Despite what appeared to be another comfortable run at the head of the F1 field in Malaysia, Sebastian Vettel insists that he had Red Bull's KERS system to thank for his second win of the 2011 season.

The German's comments come with a touch of irony after team-mate Mark Webber found that he could not use his system at all during the race, and Vettel himself had to stop using it in the latter stages of the 56-lap encounter - emphasising Red Bull's decision not to run KERS in Melbourne two weeks ago because of its unreliability.

While Vettel made a textbook getaway from pole position, he was aided in his quest for victory by Nick Heidfeld's extraordinary start, which saw the Lotus Renault driver sweep around the outside of both McLarens and both Ferraris to snatch second place from sixth on the grid. Indeed, such was Heidfeld's audacity, Vettel admitted that he had had to call on KERS to keep himself in front - a key move as Heidfeld's pace was enough to stymie Lewis Hamilton in the early stages and prevent the Briton from challenging his front row partner.

"I think it shows how important KERS is - it saved our life today at the start," Vettel claimed, "I was focused on Lewis behind me and, all of a sudden, Nick was there, so it was quite funny in a way. I had to defend a little bit into turn two, focus on a good exit, which was crucial as then I was ahead and could use the first stint to build up a little gap.

"I think we were a little bit quicker than the Renault [and] I tried to take that gap into each stint. It was a bit of a luxury situation as we could wait for other people to do their stops. Of course, they were closing then, as it is quite powerful - if you change tyres, you come out and you are much quicker than the guys out on the circuit with the used tyres. But, with a couple of seconds in hand, we had this luxury, so there was no need to panic.

"Without KERS, we would have been in a completely different position and the race would have unfolded in a different way. It was giving us what we needed. Coming here, only ten days overseas, reacting the way we did, we can be very proud of ourselves. We had a little problem - at some stage, [my engineer] told me not to use KERS - then we activated it again. I don't know what was the problem. Obviously, something was wrong."

Despite the loss of KERS, Vettel's pace remained consistent and, when under threat, the German was even able to raise his game a little to ensure that his lead was safe.

"Obviously, as I tried to explain before, I think it's very difficult to read the true pace," he said, "At some stage, in the third stint I think, so my last stint on options, I was lapping a second a lap quicker than Lewis for two or three laps. At that stage, I don't think I used KERS."

Despite the obvious problems with RBR's system, Vettel insisted that the team could not consider pressing ahead without it.

"I can assure you that not running KERS, for us, is a disadvantage," he stressed, "As I tried to explain, we worked very hard and we got it working but, in the race, something happened. I don't quite yet know what it was, but we used it for the majority [of the race]."
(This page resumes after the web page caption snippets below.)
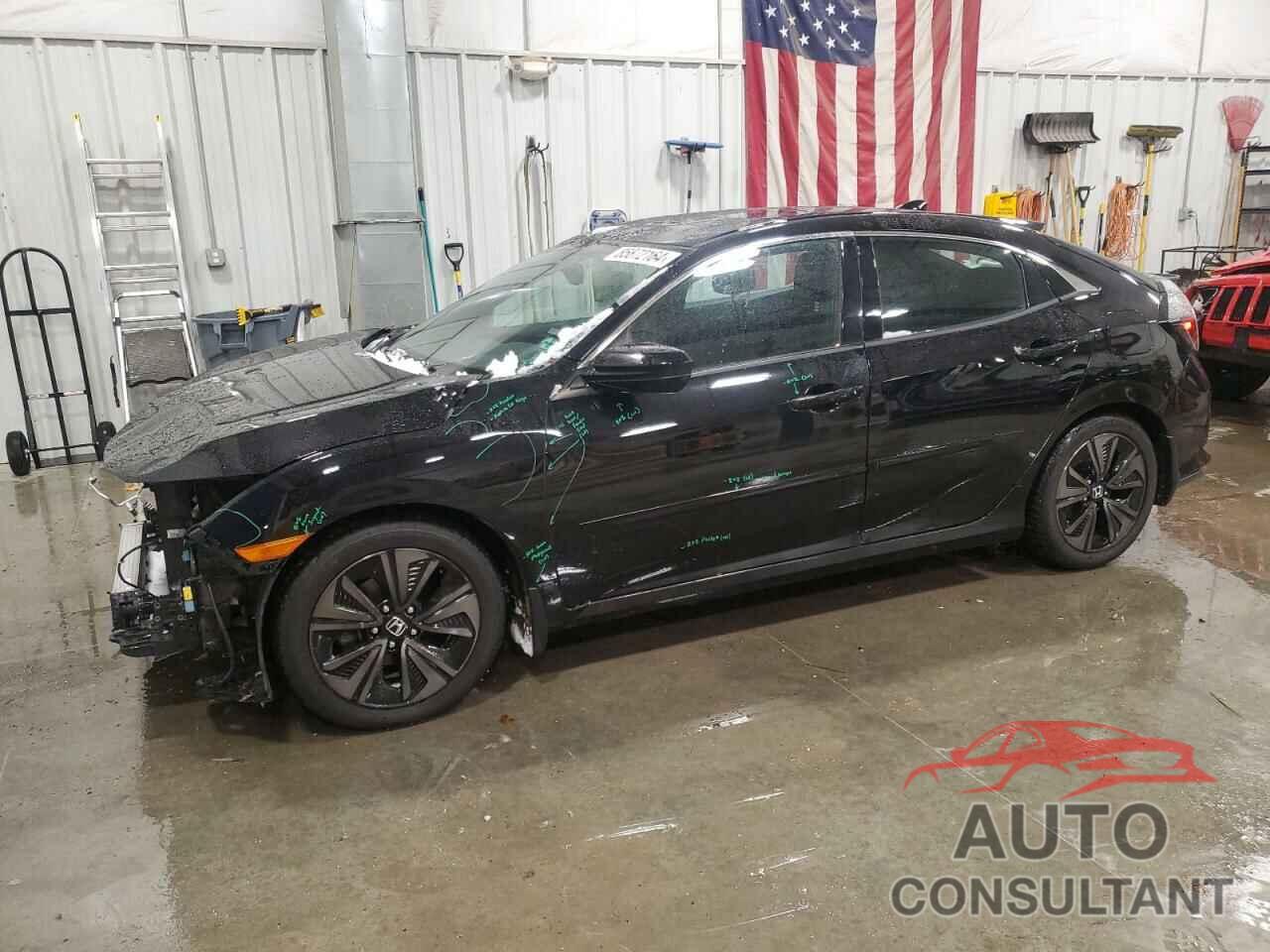 HONDA CIVIC 2017 - SHHFK7H54HU213543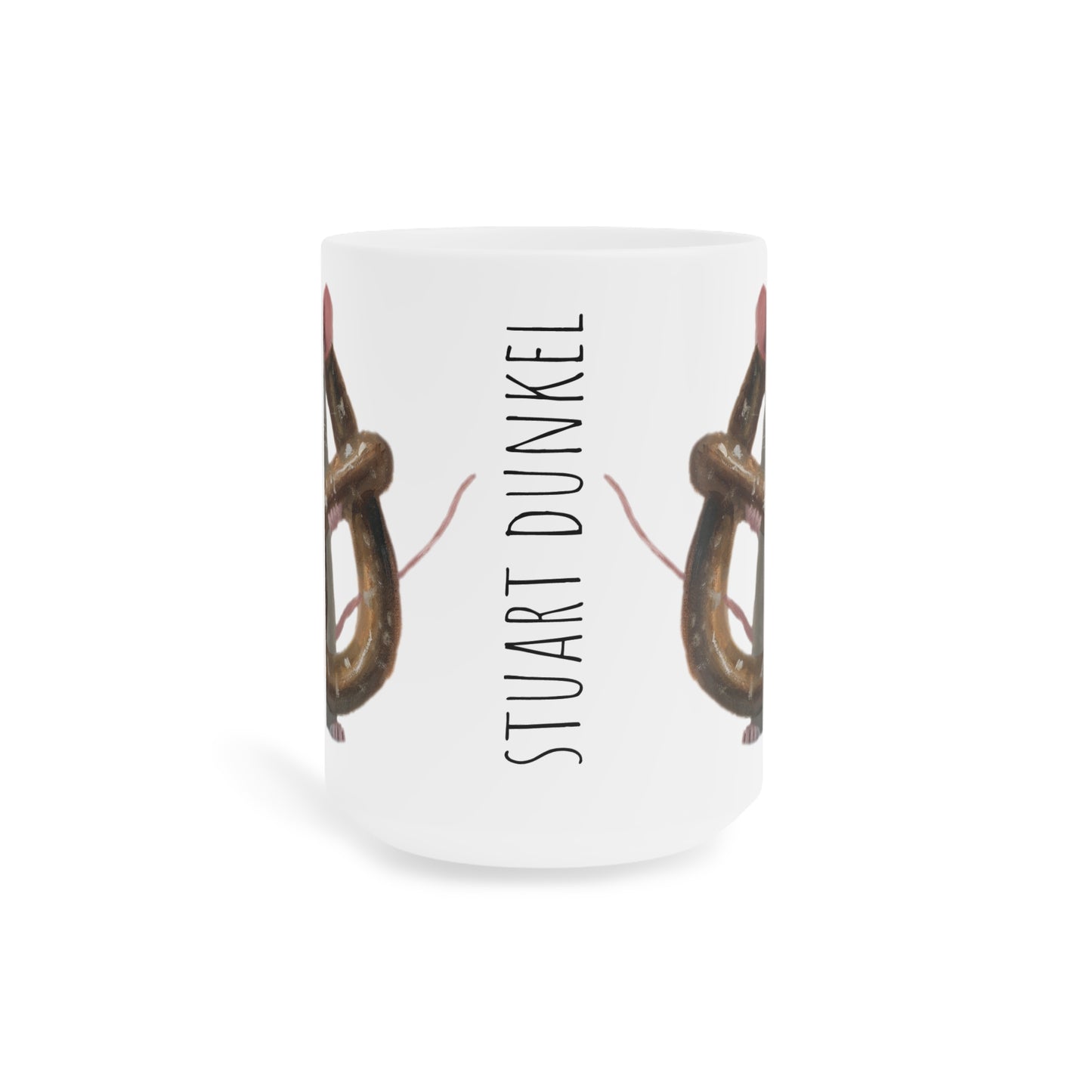 Stuart Dunkel: "Jail Time" Ceramic Mug (11oz\15oz\20oz)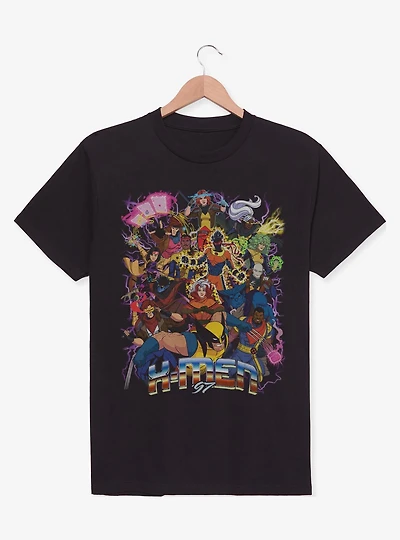 Marvel X-Men '97 Epic Team T-Shirt BoxLunch Exclusive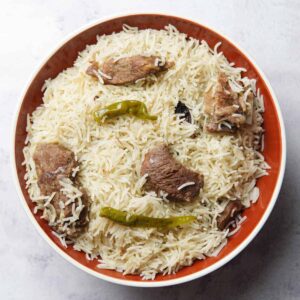 Beef Pulao Platter
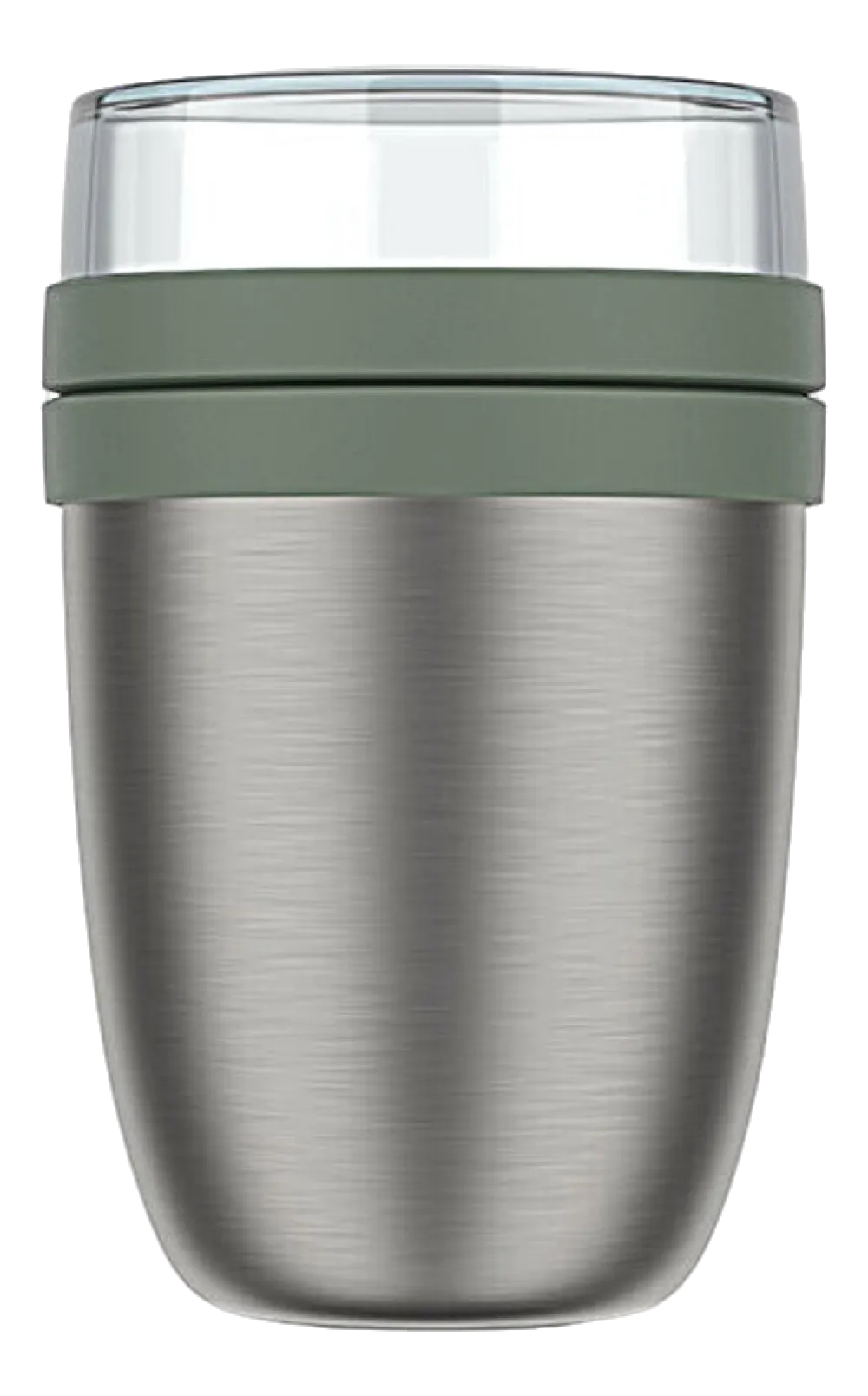 Mepal Isoleer Lunchbox On The Go Ellipse Nordic Sage 500 ml + 200 ml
The German made three tyres stops during the race, in common with the majority of his rivals - only Webber, Hamilton, Fernando Alonso and the retired Tonio Liuzzi made four - but insisted that he had not suffered from problems with his Pirellis, despite Hamilton appearing to hack into his advantage.

"As Jenson [Button] said, you never knew how hard to push, how hard to save your tyres," he reflected, "Everyone was trying to do the same. I think there was a lot to learn today and a lot to take into the next race.

"[Hamilton] pitted earlier than Nick, and earlier than us, and I think he went to another set of options after his first stop. As I have just tried to explain, it is very powerful and I think we were stopping at the right time in the first stint. Wet tried to push probably a bit longer for the rain, whereas he came in and that one lap can make three to four seconds difference. Naturally, he caught up and then I was just trying to look after the tyres and look after the gap. He was closing in at three-tenths a lap at this stage, but we again tried to push that stint as far as we could, so I wasn't worried when he was catching up these couple of laps.

"Jenson described how he struggled on the first stint, but he was very happy in the last stint. Within one race, with a different set of tyres, there were some things that you can fine tune in the car. Potentially, that can make a big difference. The fact is that, if you feel comfortable in one stint compared to the other, it can make a difference in pace."